Bron cast his gaze to the floor in an embarrassment he couldn’t quite place. A symptom of always wanting to perform well at school. “And the reason you didn’t come … it’s because of Darcy isn’t it? The two of you—I mean, you were friends, weren’t you? I’ve gathered that much.”

Giovanni fell back into his chair with a slump, took in a breath before saying, “Yes. We were friends.”

Bron looked up again and noticed the dark, almost purple circles under Giovanni’s eyes. The sadness that glazed over them. The photographs of them together, edged beside the river, swam back into his mind. Giovanni seemed almost wolfish now, compared to his teenage years. “It doesn’t make sense to me. The way you are in each other’s presence. The rest of the family love you. I’m not sure I understand the friction. What happened?”

Giovanni shook his head; it was not his place to share such information. But Bron needed to know more. It was why he had come here, and something at the back of his mind needed to know if the animated life he’d given the image had any truth to it. He was rather attuned to seeing things that weren’t alwaysvisible, like a sixth sense. At St. Mary’s he could predict when the tempest outside would worsen and the damage it would cause to the already leaky ceilings. He’d place pots by his bed in anticipation, and come morning, they’d be full to the brim with water. He was good at identifying which of the boys was due to leave them weeks before it happened, and eventually he’d announce his parents were pulling him out or that he was transferring to another school. Together they would hustle around and bid their goodbyes. A quick glance at the face of the departing figure, and his eyes—which locked onto one of the boys who stood slightly away from all the rest—would confirm to him another invisible truth: which of them would be missed the most.

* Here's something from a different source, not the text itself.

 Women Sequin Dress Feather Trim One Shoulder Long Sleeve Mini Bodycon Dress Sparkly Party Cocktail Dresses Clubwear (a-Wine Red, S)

Bron didn’t push Giovanni for an answer, but he must have read the disappointment on his face. “I suppose I could tell you about one time in France … The Edwardses, they keep a farmhouse there, a little building in the middle of Toulouse.” He paused, and Bron thought that this was as much as he would get. “Theo used to love going there—he said it was something about the rooms being scantily dressed, that it allowed for a sense of freedom and expansion—his words, not mine—and that the views of the hills opened onto a land that stretched green and yellow. I understood what he meant. It reminded me of my hometown in Italy. But I remember he used to say how much he hated Greenwood, and every other English country house that seemed to him to produce quite the opposite effect. Claustrophobic, he said, where the rooms, though large, are oppressive; where the parks, though green, are manicured and at the mercy of the clipper, sheared into shape should they dare to grow outside the bounds of what’s been deemed appropriate. Such a garden your Darcy claims England to be, and he the budding rosebush who’s learned to hide his thorns. As had I, of course. I wasn’t always this open about myself, but such natural inclinations are impossible to impede, and if forced under restraint will only emerge under another disguise. So yes, you could say that we were friends.”

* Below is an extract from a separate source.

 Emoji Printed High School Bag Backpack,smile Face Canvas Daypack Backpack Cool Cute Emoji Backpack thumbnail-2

This was it. This was what he’d come to hear. But still he hadn’t heard it exactly. “But you were more than friends?” he pushed. “You were …”Lovers.He let the pause linger.

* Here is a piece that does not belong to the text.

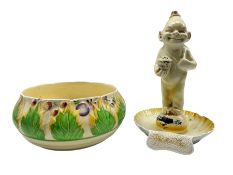 Clarice Cliff Newport Pottery relief moulded fruit bowl together with a Wilkinson novelty ashtray an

Giovanni stood, shrugged into his coat silently. “Follow me.”

Bron asked where they were going, but Giovanni gave nothing away. They descended the cramped stairs together, but instead of going back through the archway from which he’d come, Giovanni diverted, through another door and down a hallway that echoed with the cacophony of voices and the clatter of dishes. They entered a dining hall. Though it was quite past lunch, a few students loitered. For the most part the room was empty. Giovanni walked along the wood-paneled walls, the sunlight, filtering through the great hall’s windows, bringing out the red undertones of the wood and making the golden chandeliers shimmer.

They stopped beneath a painting, one which depicted the portrait of a boy—or a man, he couldn’t be sure—which hung for all to see. The portrait looked out with an androgynous face, and Bron felt immediately taken in by it.